--- INPUT DATA Enclosed Below ---
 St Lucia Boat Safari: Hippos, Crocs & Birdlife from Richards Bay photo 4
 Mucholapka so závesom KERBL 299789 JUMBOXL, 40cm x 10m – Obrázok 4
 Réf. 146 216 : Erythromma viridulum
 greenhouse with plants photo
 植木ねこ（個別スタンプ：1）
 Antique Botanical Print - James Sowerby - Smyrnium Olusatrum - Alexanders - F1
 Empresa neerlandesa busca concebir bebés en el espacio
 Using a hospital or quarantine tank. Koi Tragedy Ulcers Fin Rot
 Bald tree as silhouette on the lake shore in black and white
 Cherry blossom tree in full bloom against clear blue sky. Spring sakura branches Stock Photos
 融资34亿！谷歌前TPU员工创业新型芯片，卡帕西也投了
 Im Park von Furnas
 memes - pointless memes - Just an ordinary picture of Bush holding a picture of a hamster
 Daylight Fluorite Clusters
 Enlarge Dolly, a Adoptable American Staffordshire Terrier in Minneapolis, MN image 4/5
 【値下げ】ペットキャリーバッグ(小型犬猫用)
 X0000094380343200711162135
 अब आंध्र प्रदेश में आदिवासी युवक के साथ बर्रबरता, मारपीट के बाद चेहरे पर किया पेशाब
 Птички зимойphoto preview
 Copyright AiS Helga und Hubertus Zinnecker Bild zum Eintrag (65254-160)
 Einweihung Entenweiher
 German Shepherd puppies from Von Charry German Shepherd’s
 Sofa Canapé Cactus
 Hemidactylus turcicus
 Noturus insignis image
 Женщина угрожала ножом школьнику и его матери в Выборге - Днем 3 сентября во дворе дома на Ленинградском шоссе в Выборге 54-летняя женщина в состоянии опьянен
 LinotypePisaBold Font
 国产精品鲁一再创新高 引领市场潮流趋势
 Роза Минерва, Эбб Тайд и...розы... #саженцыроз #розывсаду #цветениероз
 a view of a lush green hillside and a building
--- End of Enclosed INPUT DATA ---
ACTIVITY: Could you output, exactly and with nothing else, the lines from the start of the records through the line containing "Empresa neerlandesa busca"?

SOLVED PROBLEM:
 St Lucia Boat Safari: Hippos, Crocs & Birdlife from Richards Bay photo 4
 Mucholapka so závesom KERBL 299789 JUMBOXL, 40cm x 10m – Obrázok 4
 Réf. 146 216 : Erythromma viridulum
 greenhouse with plants photo
 植木ねこ（個別スタンプ：1）
 Antique Botanical Print - James Sowerby - Smyrnium Olusatrum - Alexanders - F1
 Empresa neerlandesa busca concebir bebés en el espacio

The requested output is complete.